**Problem description**
After finding "16806 Brewer Rd, Grass" in a line below, print that line and the rest of the lines exactly, leaving out all pictures.

Stored dataset items
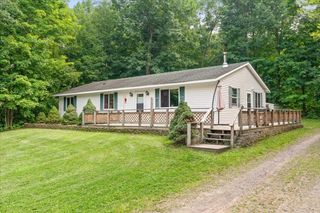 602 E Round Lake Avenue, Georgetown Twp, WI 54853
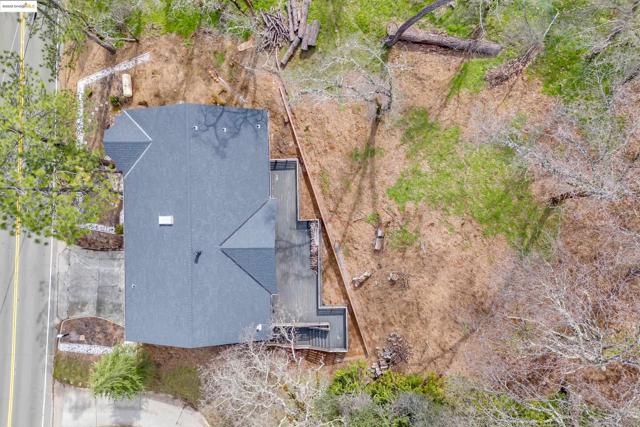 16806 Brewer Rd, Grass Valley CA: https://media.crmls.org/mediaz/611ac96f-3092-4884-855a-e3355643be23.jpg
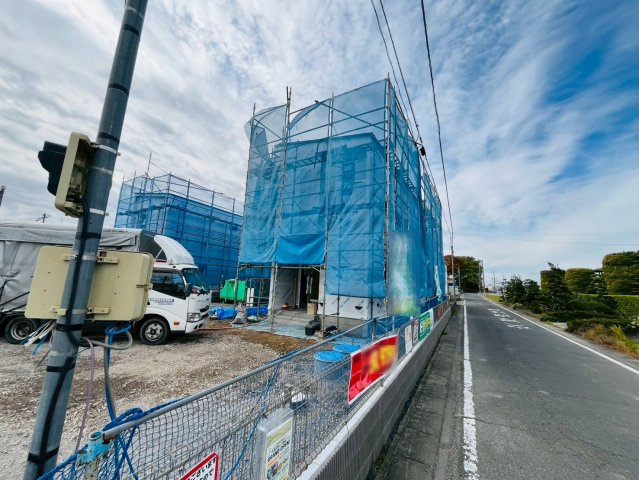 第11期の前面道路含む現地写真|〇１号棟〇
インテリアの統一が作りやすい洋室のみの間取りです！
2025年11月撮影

**Answer to this exercise**
 16806 Brewer Rd, Grass Valley CA: https://media.crmls.org/mediaz/611ac96f-3092-4884-855a-e3355643be23.jpg
 第11期の前面道路含む現地写真|〇１号棟〇
インテリアの統一が作りやすい洋室のみの間取りです！
2025年11月撮影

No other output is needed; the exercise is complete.